• Your goal
Transcribe each of the entries exactly.

Web page caption snippets
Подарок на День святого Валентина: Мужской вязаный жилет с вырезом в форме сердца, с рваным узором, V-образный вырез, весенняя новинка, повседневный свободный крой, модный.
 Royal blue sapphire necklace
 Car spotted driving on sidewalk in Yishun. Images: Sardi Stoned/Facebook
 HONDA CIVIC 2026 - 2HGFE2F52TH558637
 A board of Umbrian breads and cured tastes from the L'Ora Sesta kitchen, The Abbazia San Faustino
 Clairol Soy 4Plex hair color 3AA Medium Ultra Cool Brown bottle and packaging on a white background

• Response to this exercise
Подарок на День святого Валентина: Мужской вязаный жилет с вырезом в форме сердца, с рваным узором, V-образный вырез, весенняя новинка, повседневный свободный крой, модный.
 Royal blue sapphire necklace
 Car spotted driving on sidewalk in Yishun. Images: Sardi Stoned/Facebook
 HONDA CIVIC 2026 - 2HGFE2F52TH558637
 A board of Umbrian breads and cured tastes from the L'Ora Sesta kitchen, The Abbazia San Faustino
 Clairol Soy 4Plex hair color 3AA Medium Ultra Cool Brown bottle and packaging on a white background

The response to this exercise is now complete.